Photo: Netflix/IFXA Ltd
By Michael O’Neill
Squid Game is a Netflix show with a deadly twist on childhood games. By now, most of you have heard the show is about heavily indebted people competing in kid competitions in hopes of winning a massive cash prize.
Many Canadians are unwittingly competitors in the low-rent Bank of Canada (BoC) version of the show. Governor Tiff Macklem is the Host, and there are no cash prizes at the end.
The BoC left interest rates unchanged and announced an end to quantitative easing. They will still be buying bonds, but only to replace maturities. They are continuing to provide monetary stimulus but at a static level. No surprise there.

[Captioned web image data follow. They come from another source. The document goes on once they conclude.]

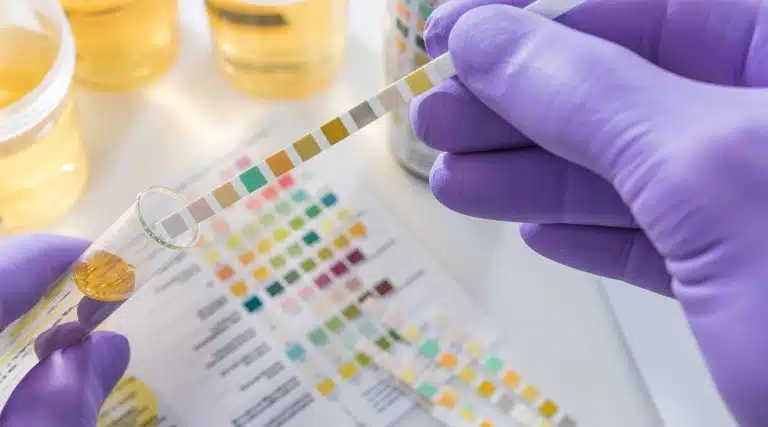 Suboxone drug testing detection times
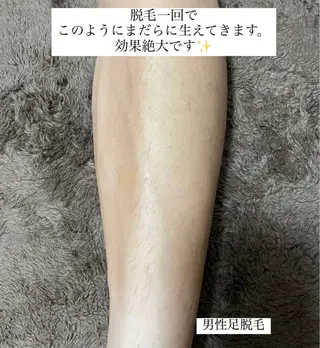 メンズ Anela .のマツエク・マツパデザイン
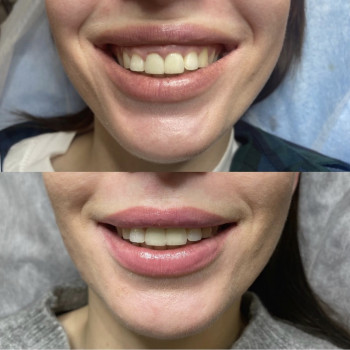 Устранение десневой улыбки
                    Лікар-косметолог Наталья Київ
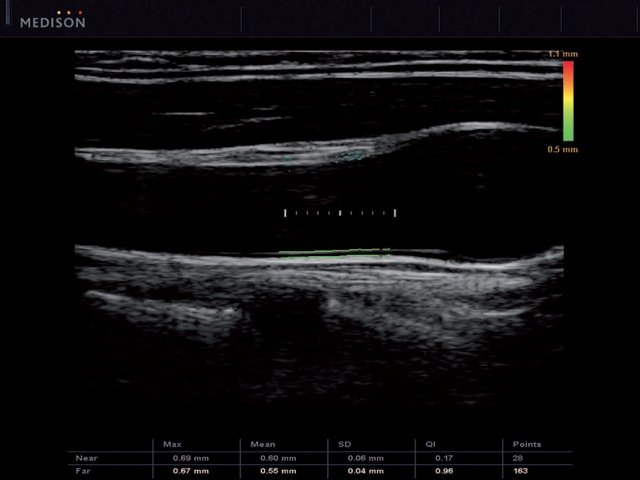 Эхограмма - измерение толщины комплекса интима-медиа (ТИМ) ОСА, автоматический режим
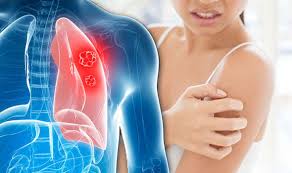 Lung cancer—not breast or uterine or ovarian cancer—claims more women's lives every year than any other type of cancer. Lung Cancer Symptoms Tumour Signs Include Skin Lumps And Bumps Risk Revealed Express Co Uk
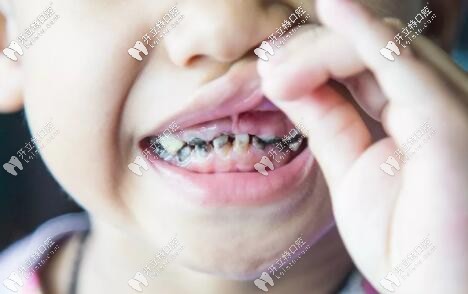 乳牙龋齿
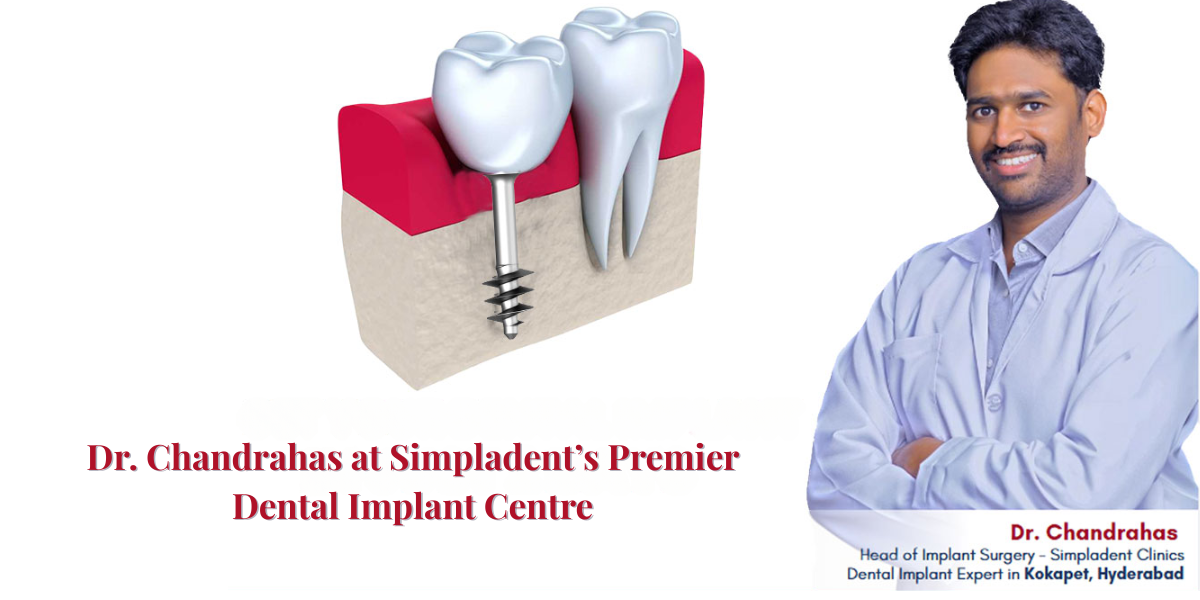 Permanent dental implants, best dental implant specialist, missing teeth solution, fixed teeth in 2 days, affordable dental implants in India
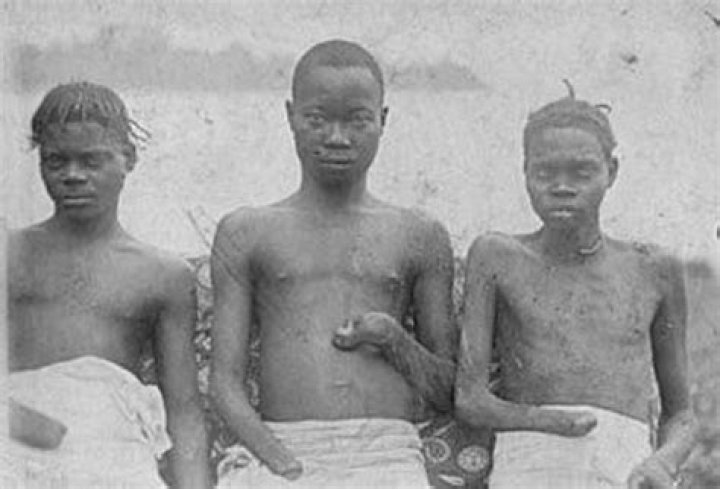 Why did leopold cut off hands?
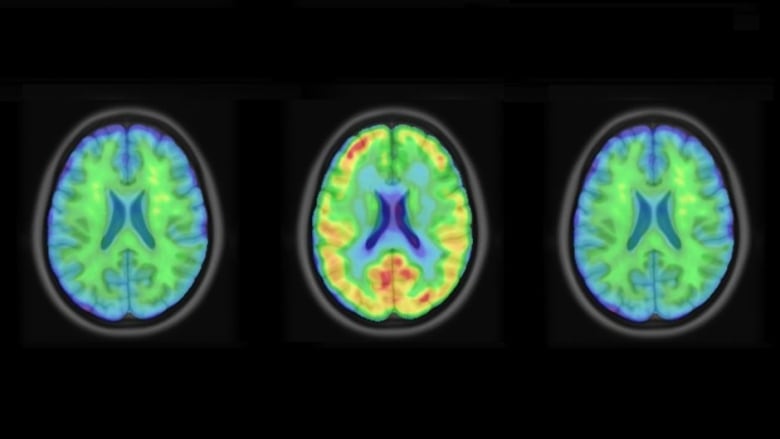 Three brain scans.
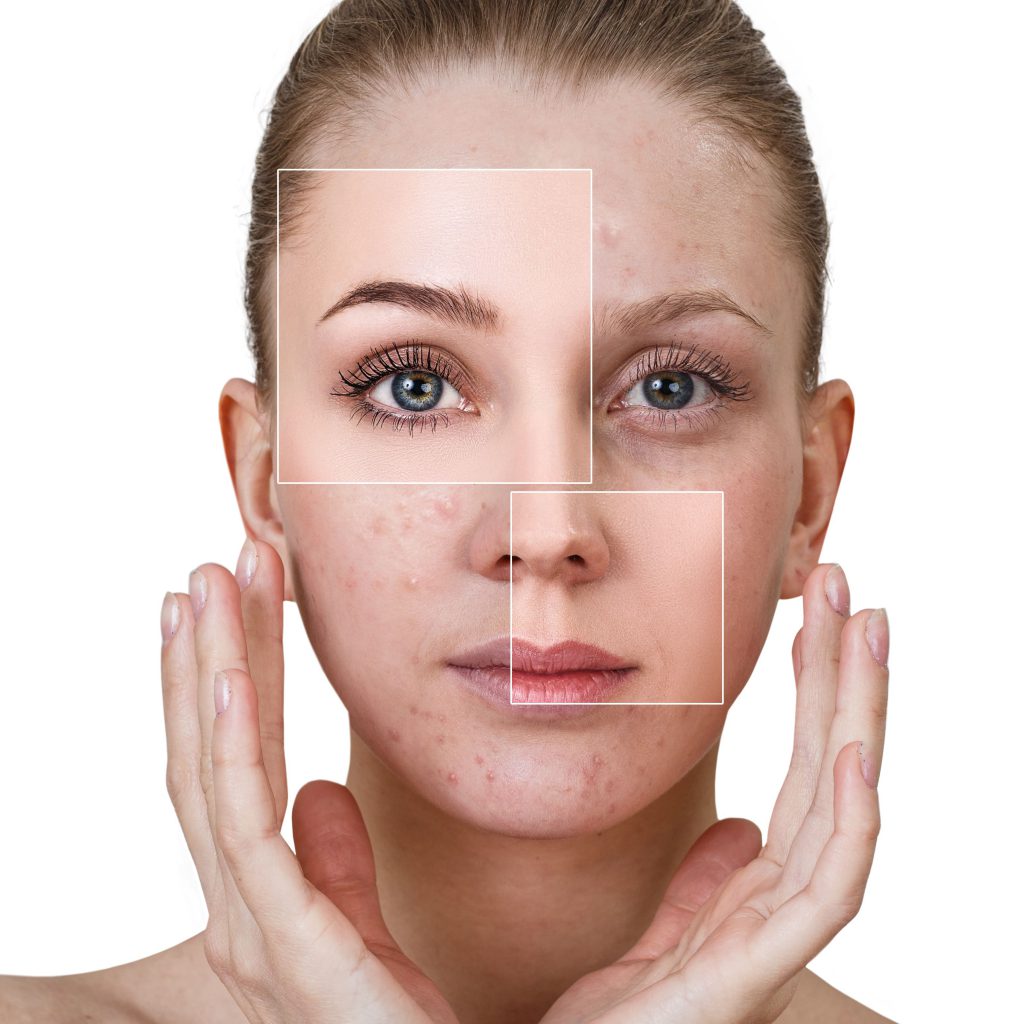 Acne Treatment Birmingham 90 Success Improve Your Skin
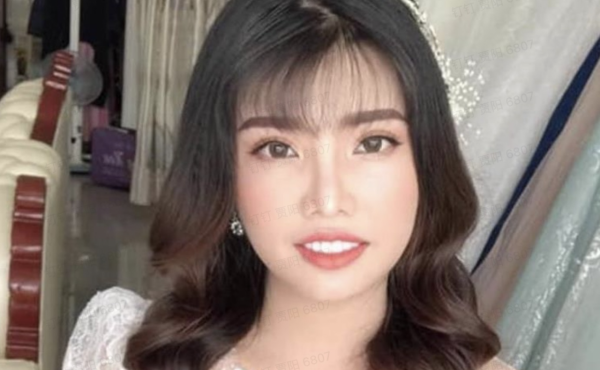 網路紅人鳳姐花3億越南盾整容美出新高度,嫁給富二代後過得如何 網路紅人鳳姐花3億越南盾整容美出新高度,嫁給富二代後過得如何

The surprise is the Bank’s seemingly reluctant nod to inflation realities. Canada CPI rose 4.4% year over year in September, which Statistics Canada said was the fastest pace since February 2003.
The BoC now forecasts domestic inflation to rise to 5.0% by the end of the year, then drop to around the 2% target by the end of 2022.
The Monetary Policy opening statement blamed “ongoing supply-side disruptions and related cost pressures as well as energy price” for putting “upward pressure on many prices around the world.”
But have no fear. Inflation will not be a problem for Canadians. Governor Macklem asserted, “I want to assure Canadian’s that we can, and we will, keep inflation under control. We understand our job. Our job is to make sure that the price increases we’ve seen in many globally traded goods don’t feed through and translate into ongoing inflation.
Except, Mr Macklem did not say how he would control inflation. The usual central bank response is to raise interest rates which the BOC expects to happen in “the middle quarters of 2022.”
That hike is earlier than he suggested at the September meeting but a few months later than traders expect. The Montreal Exchange’s Canadian Interest Rate expectations tool suggests an 85% chance of a 0.25% hike in March 2022, and a 71% chance that rates will be 1.0% by June 2022.
Chart: Implied short-term interest rate movements and probabilities based on BAX prices
Source: Montreal Exchange
The era of ultra-low Canadian interest rates is over. Long-live the low-rate era.
But that is only if the economy evolves the way the BoC expects. They have been known to be wrong.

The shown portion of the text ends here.